Far-right activists as moral subjects
Speaker | Agnieszka Pasieka
Abstract: Drawing on a long-term ethnographic fieldwork with Italian, Polish, and Hungarian youth far-right militants, in my talk I will discuss the importance of anthropological engagements with the far right. In presenting a few case studies, I will reflect on what insights ethnographic research can offer about why people join far-right movements and why they remain active in them. Next, I will focus on the ethical-moral project the activists claim to pursue, situating it in the broader context of the so-called illiberal turn. Finally, I will discuss the wider implications of this research by discussing what we can learn about political mobilization, and also what such a study tells us about the discipline of anthropology, its strengths and weaknesses.
Agnieszka Pasieka (University of Montreal)

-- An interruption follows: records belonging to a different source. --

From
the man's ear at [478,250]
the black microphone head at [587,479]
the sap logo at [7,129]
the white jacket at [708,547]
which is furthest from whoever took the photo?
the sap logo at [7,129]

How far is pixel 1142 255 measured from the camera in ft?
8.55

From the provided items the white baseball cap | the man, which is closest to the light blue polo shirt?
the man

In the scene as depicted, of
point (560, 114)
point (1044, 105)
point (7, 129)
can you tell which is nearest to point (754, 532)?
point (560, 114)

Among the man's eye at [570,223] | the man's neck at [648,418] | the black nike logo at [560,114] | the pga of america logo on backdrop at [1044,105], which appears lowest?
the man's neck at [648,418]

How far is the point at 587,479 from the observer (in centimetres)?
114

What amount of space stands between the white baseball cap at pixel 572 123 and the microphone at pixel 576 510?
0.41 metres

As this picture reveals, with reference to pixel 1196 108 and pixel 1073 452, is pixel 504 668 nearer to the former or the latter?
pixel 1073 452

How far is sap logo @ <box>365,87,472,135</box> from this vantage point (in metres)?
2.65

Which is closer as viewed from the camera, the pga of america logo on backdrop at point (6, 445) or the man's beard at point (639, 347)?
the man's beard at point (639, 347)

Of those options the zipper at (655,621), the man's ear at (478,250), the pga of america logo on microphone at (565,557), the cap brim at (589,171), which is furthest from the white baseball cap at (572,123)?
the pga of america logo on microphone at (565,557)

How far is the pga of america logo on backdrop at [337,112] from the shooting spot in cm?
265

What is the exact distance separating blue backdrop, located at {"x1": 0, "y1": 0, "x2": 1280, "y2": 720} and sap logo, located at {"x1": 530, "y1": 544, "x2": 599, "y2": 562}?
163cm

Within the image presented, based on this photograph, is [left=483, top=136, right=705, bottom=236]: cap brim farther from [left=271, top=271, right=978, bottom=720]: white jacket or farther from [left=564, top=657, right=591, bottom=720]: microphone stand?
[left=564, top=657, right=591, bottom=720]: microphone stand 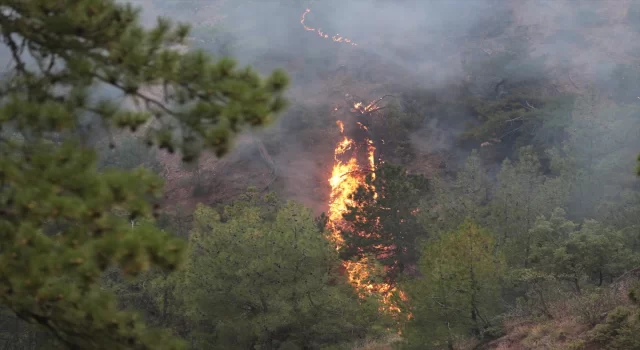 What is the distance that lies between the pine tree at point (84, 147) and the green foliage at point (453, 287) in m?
11.7

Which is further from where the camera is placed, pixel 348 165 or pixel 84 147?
pixel 348 165

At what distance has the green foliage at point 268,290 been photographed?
1634 centimetres

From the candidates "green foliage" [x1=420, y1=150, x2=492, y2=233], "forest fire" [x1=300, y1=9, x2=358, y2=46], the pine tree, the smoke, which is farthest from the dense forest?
"forest fire" [x1=300, y1=9, x2=358, y2=46]

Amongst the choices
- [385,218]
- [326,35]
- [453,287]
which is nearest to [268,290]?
[453,287]

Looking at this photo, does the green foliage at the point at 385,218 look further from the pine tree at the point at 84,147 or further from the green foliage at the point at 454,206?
the pine tree at the point at 84,147

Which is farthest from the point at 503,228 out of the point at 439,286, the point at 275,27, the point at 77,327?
the point at 275,27

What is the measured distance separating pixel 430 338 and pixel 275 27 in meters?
50.3

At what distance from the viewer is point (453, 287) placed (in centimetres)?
1528

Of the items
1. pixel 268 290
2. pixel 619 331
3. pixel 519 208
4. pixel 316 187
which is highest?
pixel 316 187

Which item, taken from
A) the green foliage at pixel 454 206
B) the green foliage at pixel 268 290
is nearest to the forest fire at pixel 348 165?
the green foliage at pixel 454 206

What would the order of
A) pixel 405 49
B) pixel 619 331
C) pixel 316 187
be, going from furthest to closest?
pixel 405 49, pixel 316 187, pixel 619 331

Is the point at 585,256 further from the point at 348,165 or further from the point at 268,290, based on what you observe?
the point at 348,165

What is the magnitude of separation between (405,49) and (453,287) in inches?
1761

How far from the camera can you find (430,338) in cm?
1559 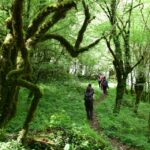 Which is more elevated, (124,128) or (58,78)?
(58,78)

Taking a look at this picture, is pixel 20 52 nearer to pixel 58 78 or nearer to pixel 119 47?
pixel 119 47

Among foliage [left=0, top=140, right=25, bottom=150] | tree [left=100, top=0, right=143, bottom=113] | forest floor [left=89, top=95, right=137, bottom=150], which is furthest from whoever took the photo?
tree [left=100, top=0, right=143, bottom=113]

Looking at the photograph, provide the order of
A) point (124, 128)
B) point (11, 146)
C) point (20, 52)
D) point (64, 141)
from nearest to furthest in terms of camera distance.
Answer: point (20, 52) < point (11, 146) < point (64, 141) < point (124, 128)

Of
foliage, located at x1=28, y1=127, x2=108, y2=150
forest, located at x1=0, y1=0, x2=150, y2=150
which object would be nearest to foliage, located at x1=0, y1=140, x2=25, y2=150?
forest, located at x1=0, y1=0, x2=150, y2=150

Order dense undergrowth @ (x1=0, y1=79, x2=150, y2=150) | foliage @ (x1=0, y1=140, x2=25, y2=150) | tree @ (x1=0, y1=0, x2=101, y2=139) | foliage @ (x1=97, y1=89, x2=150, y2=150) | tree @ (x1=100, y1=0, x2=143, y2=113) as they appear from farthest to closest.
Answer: tree @ (x1=100, y1=0, x2=143, y2=113) → foliage @ (x1=97, y1=89, x2=150, y2=150) → dense undergrowth @ (x1=0, y1=79, x2=150, y2=150) → foliage @ (x1=0, y1=140, x2=25, y2=150) → tree @ (x1=0, y1=0, x2=101, y2=139)

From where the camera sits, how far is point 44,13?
950cm

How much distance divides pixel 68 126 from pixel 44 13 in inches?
290

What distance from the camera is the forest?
9.48 meters

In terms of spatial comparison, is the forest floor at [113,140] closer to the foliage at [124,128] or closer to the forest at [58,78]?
the forest at [58,78]

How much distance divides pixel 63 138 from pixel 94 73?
44.7 metres

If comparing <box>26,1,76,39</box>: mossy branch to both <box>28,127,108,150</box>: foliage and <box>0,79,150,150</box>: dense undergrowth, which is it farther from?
<box>28,127,108,150</box>: foliage

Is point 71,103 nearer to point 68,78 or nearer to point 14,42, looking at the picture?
point 68,78

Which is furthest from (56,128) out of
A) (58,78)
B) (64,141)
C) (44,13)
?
(58,78)

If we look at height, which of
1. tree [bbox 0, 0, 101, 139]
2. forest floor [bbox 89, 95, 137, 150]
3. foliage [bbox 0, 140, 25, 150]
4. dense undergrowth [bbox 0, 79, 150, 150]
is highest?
tree [bbox 0, 0, 101, 139]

Bio: Agnieszka Pasieka is an assistant professor at the Department of Anthropology, University of Montreal. Her work focuses on political mobilization, activism and social movements, and explores how different social actors mobilize to address inequality and power hierarchies and what kind of alternative world they envision. She is the author of ‘Hierarchy and pluralism: living religious difference in Catholic Poland’ (Palgrave 2015) and ‘Living right: far-right youth activists in contemporary Europe’ (Princeton University Press 2024), as well as numerous journal publications on religious pluralism, religious and ethnic minorities, multiculturalism, postsocialist transformation, and, most recently, far-right movements, nationalism and fascism. Her new project tackles the problem of far-right environmental politics.